地域を反映するように、薬局に訪れる利用者は小児科および整形外科の患者さんが中心となっています。入口脇に設置されたベビーベッドは、新生児を抱えて来局する利用者の苦労を察してスタッフが設置したものですと、薬局の代表取締役である伊藤啓さんは語ります。

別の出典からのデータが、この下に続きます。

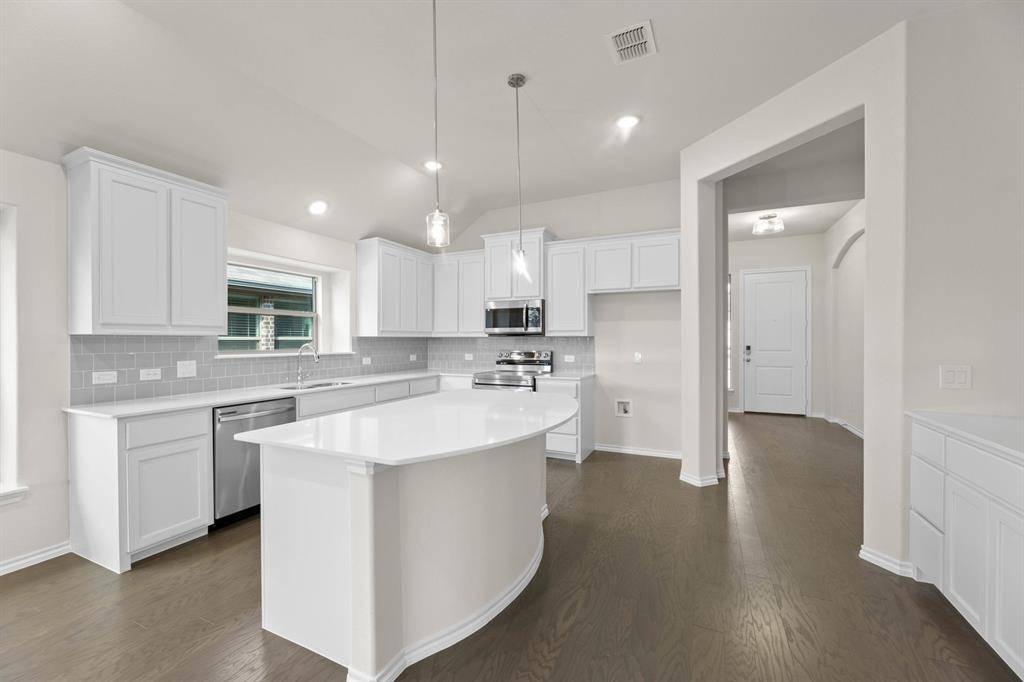 Granbury, TX 76049,1141 Avery Road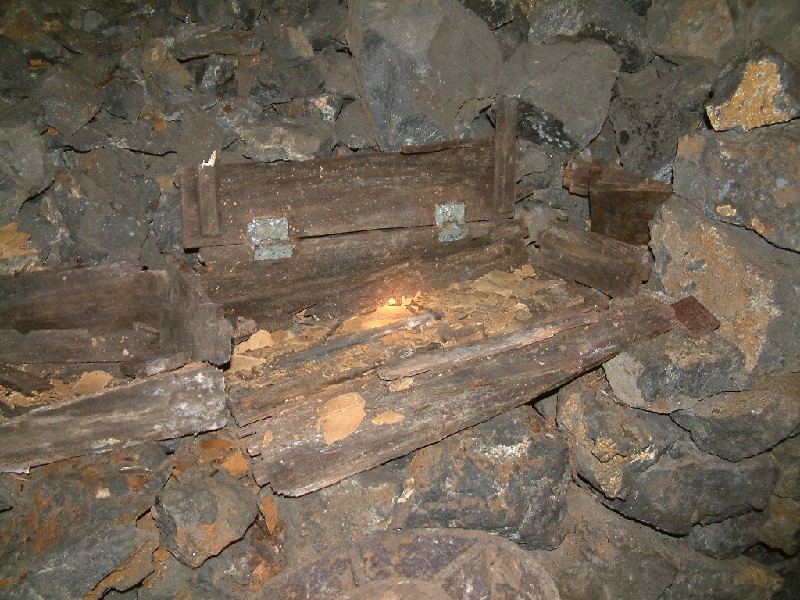 rg_prouds_explosivesbox.jpg - Old explosives box.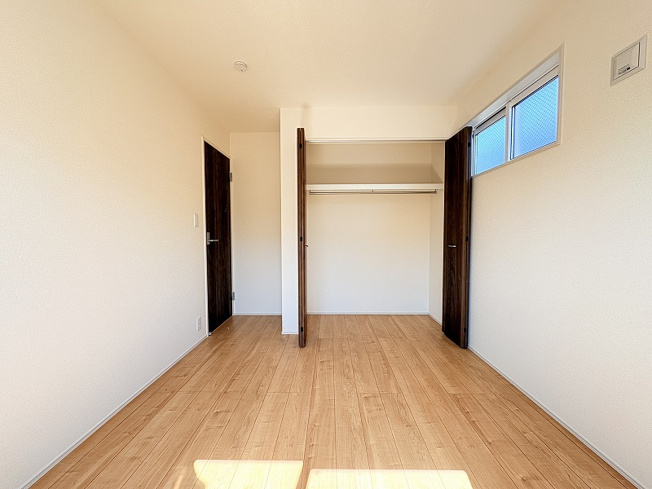 【洋室】 | 練馬区西大泉4丁目　新築一戸建住宅　全1棟　(保谷店) | 2階5.25帖/さまざまな家具を取り入れやすいナチュラルな内装。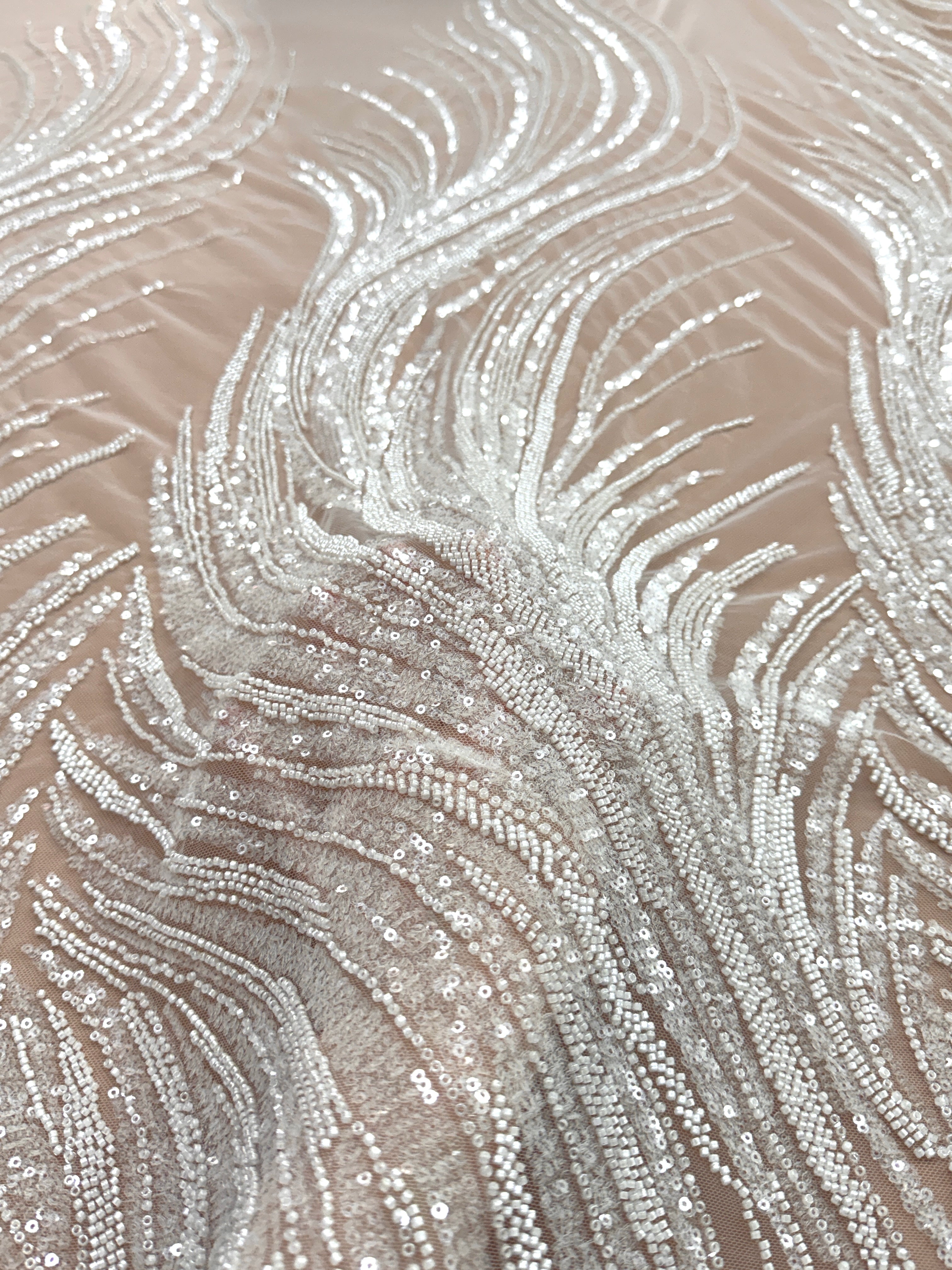 Csipke Couture Ivory panelekkel, gyöngyökkel és flitterekkel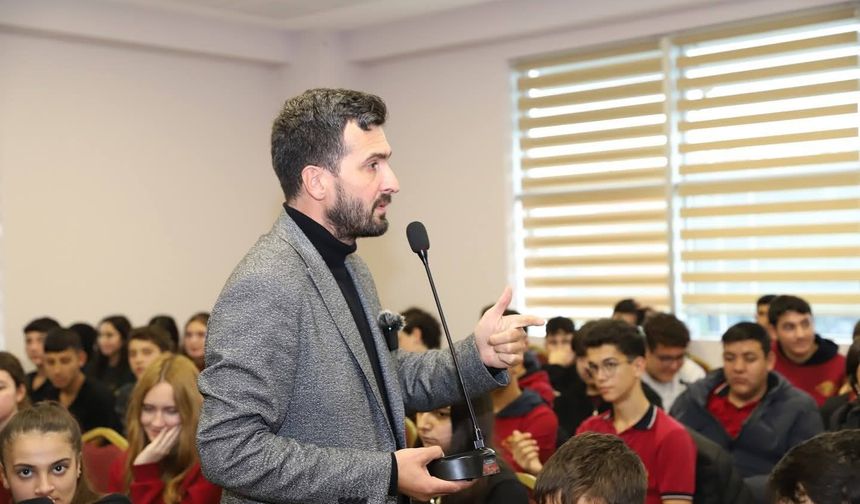 Kepsut’ta “Gazze’ye Doğru Vicdan Rotasında” Söyleşisi: Prof. Dr. Haşmet Yazıcı’dan Duygusal Anlatım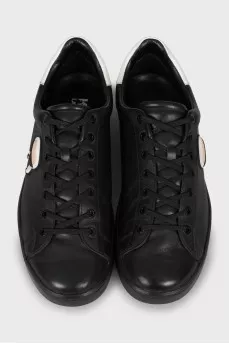 Men's sneakers with branded patch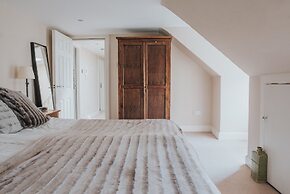 Reizand Apartments, Young St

コスモス薬局では、このように患者さんを見て“察する”ことの重要性に着目しており、「薬局に入ってきた瞬間から患者さんをきちんと確認しなさいとスタッフに指導しています」と伊藤さんは言います。例えば服薬指導の際でも、「薬だけを見つめながら通り一遍に話すのではなく、患者さんの目線や頷き具合を確認しながら服薬指導をするように教えています。目線を交わしながら説明をするほうが、患者さんにも印象が残りますし、伝わる情報も多いですから」。

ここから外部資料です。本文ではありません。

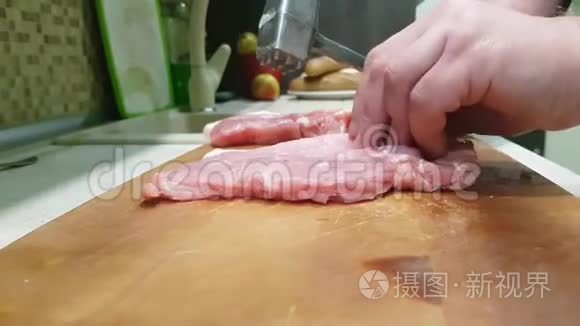 手男人在厨房里打肉视频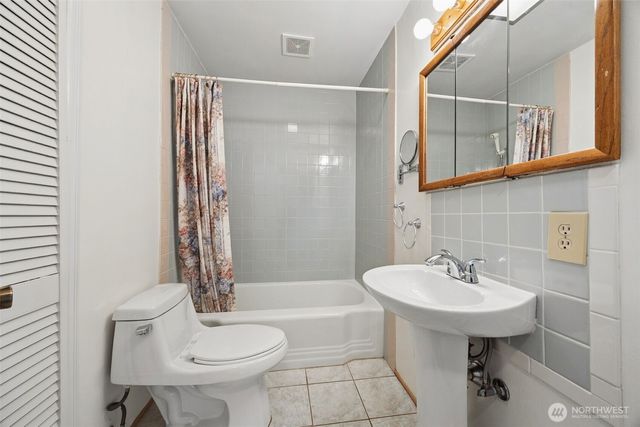 5801 S Pine Street, Tacoma, WA 98409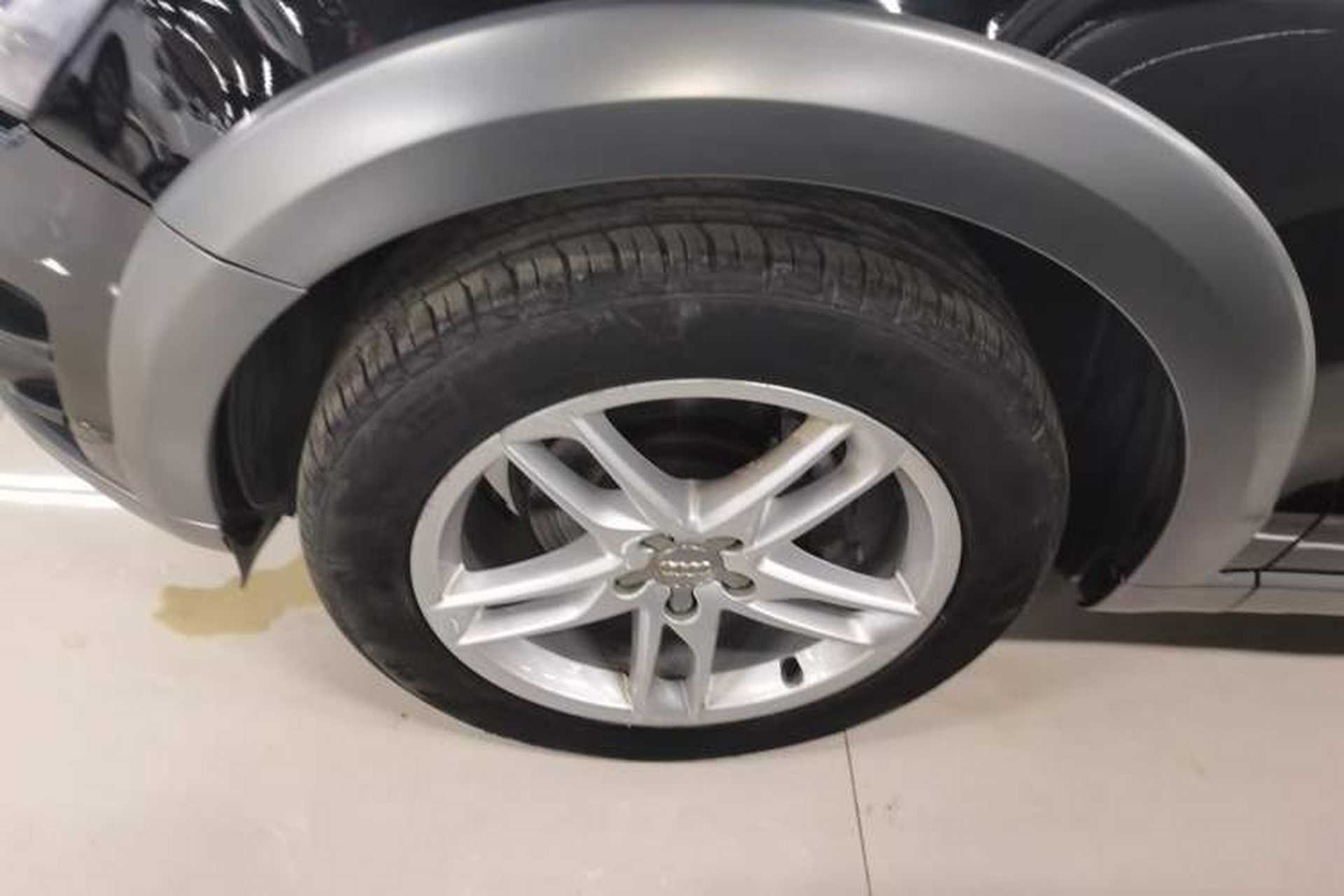 Used Audi Q5 2017 Plus 40 TFSI Technology Model Left Front Wheel Hub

このような姿勢は伊藤さんが経営者になったときから心掛けていたことで、「私自身が患者さんの立場で薬局を考えたとき“同じ薬をもらうのであれば何を選択としてそこに行くのか”を重視しました。そこが取り組みの原点です。患者さんやお客さんが望む情報をどれだけ感じ取ることができるかが大きなテーマでした」と振り返ります。「薬局を利用している多くの方の中で、聞きたいと思っていることを聞ける人はごくわずかしかいないのではないでしょうか。『聞きたいけど薬剤師さんは忙しそうだし』と思って遠慮している方が大半のはずです。こうした患者さんの聞きたそうな雰囲気を察して『どうかなさいましたか』と自然と声をかけてあげるべきです」と話し、“かゆいところに手が届く薬剤師”でありたいと言います。